WORK TO COMPLETE
Only one span of the material below is wanted. Output it exactly, from the line with "Oil on Canvas, Alpine Village Scene" through the line with "(198'017) - Gautschi, Suhr", without any pictures.

RECORD SET
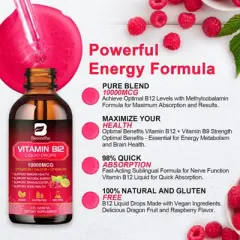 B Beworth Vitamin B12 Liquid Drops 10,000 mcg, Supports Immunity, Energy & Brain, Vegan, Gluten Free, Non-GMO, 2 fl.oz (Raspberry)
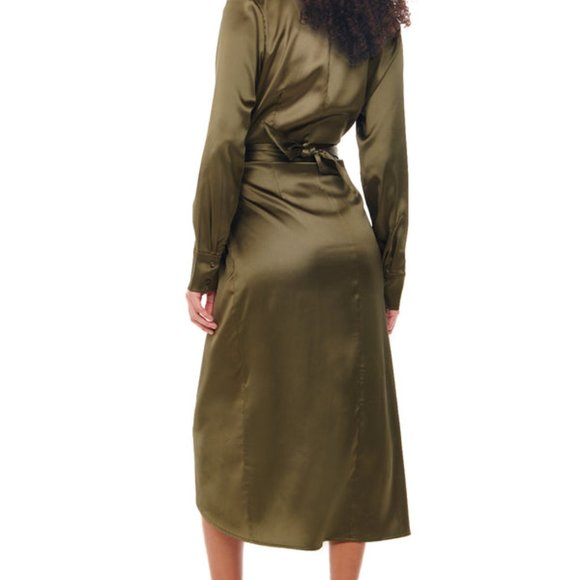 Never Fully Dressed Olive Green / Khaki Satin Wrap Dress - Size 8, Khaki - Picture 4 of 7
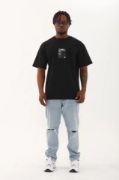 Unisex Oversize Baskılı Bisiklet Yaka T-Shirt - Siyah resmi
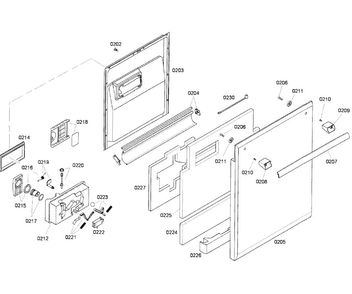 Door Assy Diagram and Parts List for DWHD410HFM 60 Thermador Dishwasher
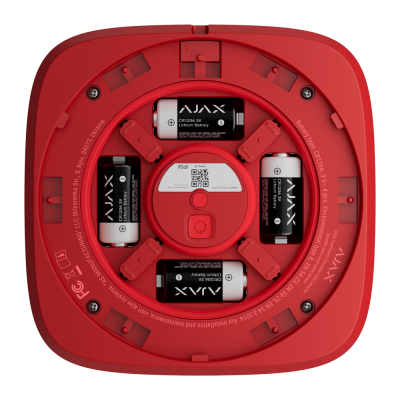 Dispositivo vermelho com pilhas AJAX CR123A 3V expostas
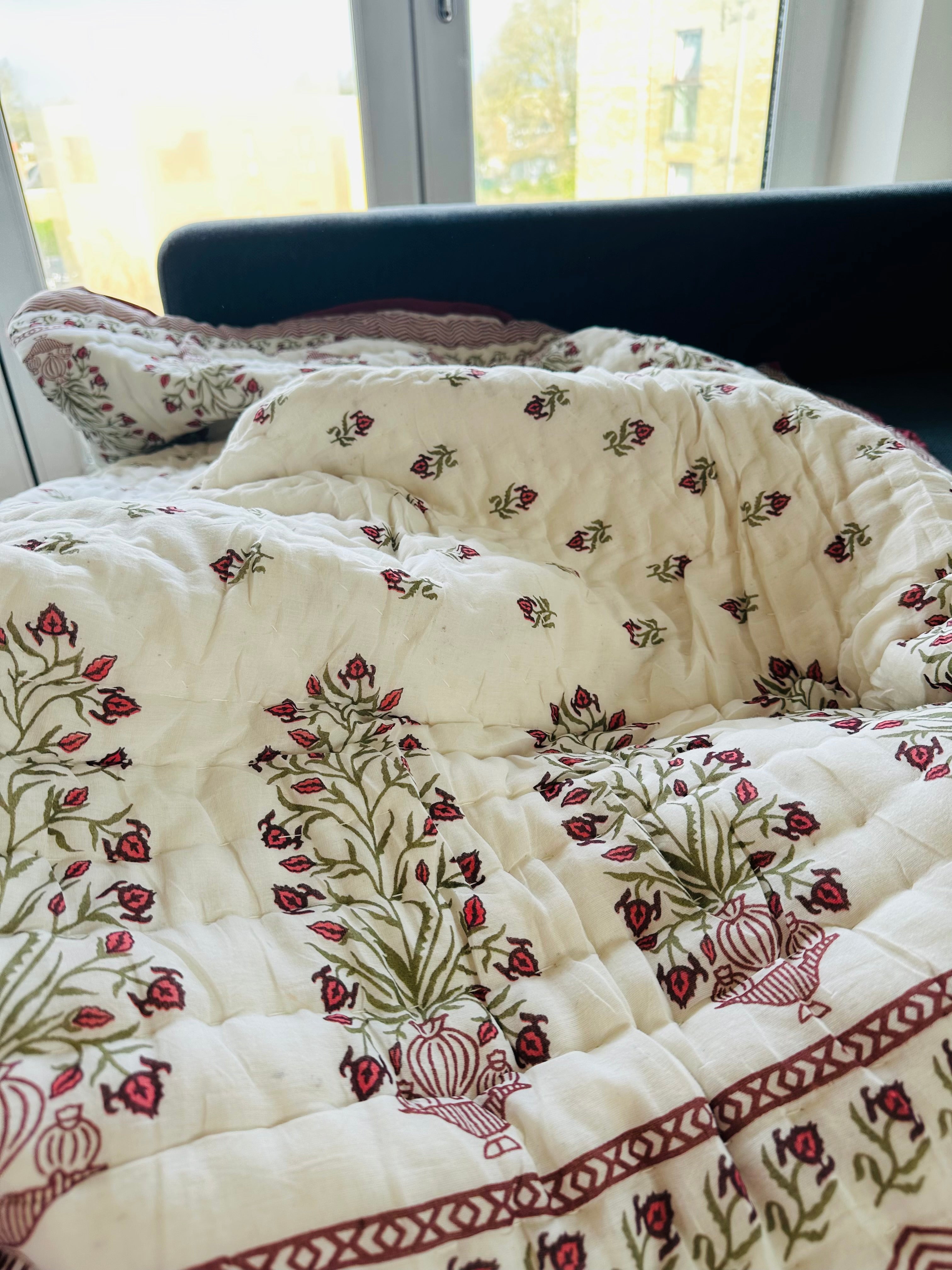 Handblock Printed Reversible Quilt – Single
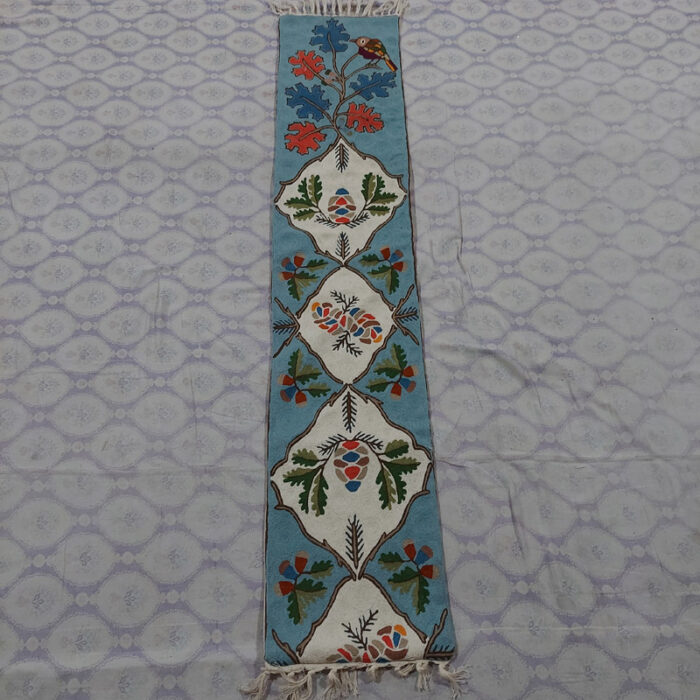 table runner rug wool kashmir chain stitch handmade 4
* * *
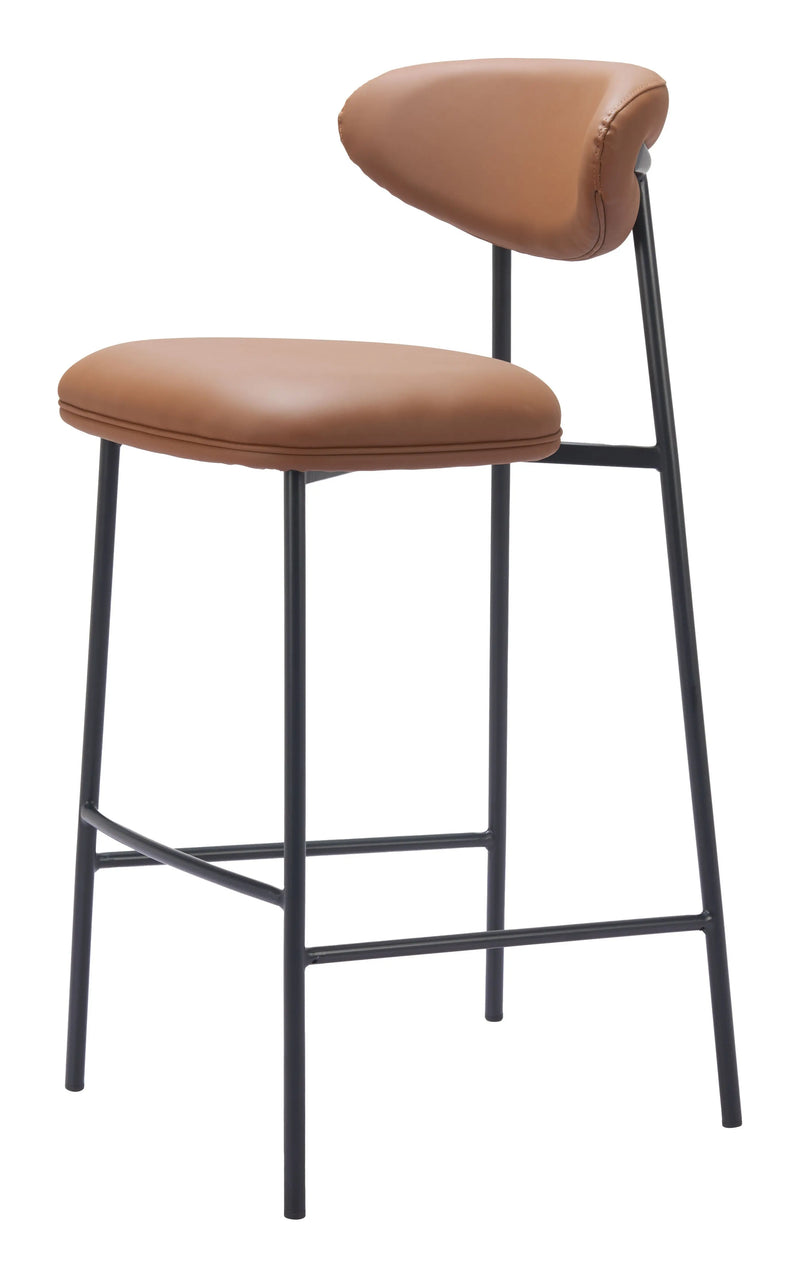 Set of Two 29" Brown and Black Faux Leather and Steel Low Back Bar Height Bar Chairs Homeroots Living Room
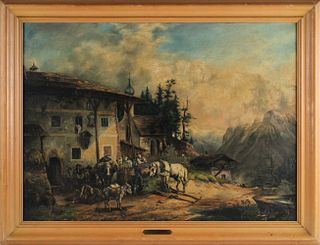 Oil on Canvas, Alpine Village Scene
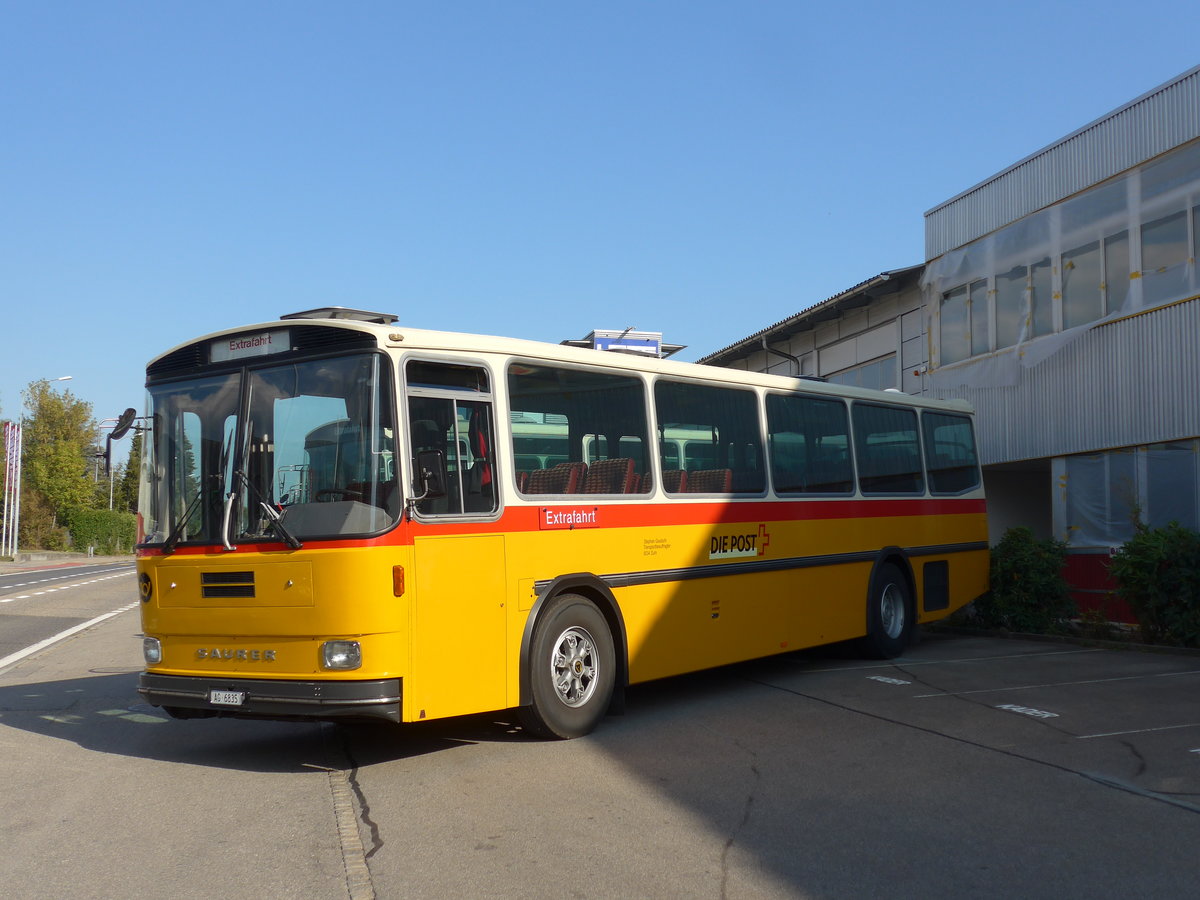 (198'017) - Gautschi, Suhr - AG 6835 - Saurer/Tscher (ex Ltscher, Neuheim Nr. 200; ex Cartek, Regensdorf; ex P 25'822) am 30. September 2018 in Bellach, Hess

YOUR RESPONSE
 Oil on Canvas, Alpine Village Scene
 (198'017) - Gautschi, Suhr - AG 6835 - Saurer/Tscher (ex Ltscher, Neuheim Nr. 200; ex Cartek, Regensdorf; ex P 25'822) am 30. September 2018 in Bellach, Hess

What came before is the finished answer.